## Instructions for the task
Lines to restate from the data below: from the one containing "We did not find" to the one containing "Salma escort Oxford", both included. Give them again exactly, and only them.

───── Data shown ─────

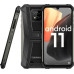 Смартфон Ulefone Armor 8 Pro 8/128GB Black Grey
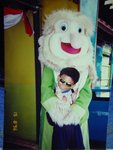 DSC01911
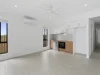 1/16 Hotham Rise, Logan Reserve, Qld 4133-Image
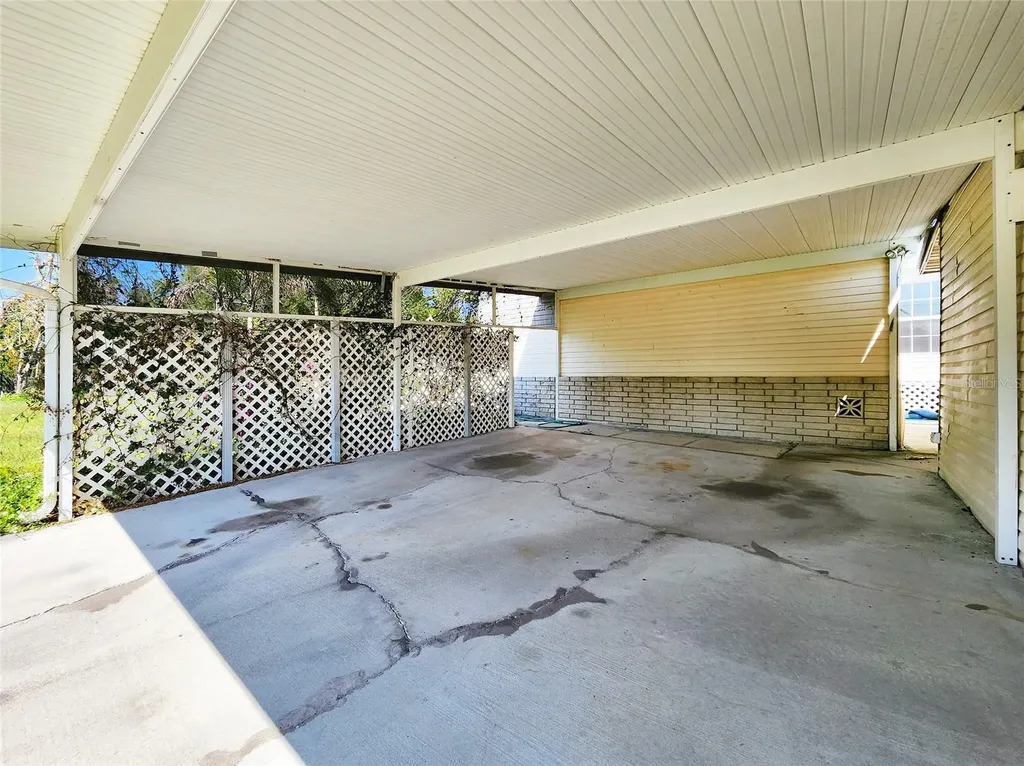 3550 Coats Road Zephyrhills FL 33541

─────
───── Data shown ─────

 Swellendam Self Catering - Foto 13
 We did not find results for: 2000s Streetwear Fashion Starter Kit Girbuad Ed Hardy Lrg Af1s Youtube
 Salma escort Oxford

─────

## Problem solution
 We did not find results for: 2000s Streetwear Fashion Starter Kit Girbuad Ed Hardy Lrg Af1s Youtube
 Salma escort Oxford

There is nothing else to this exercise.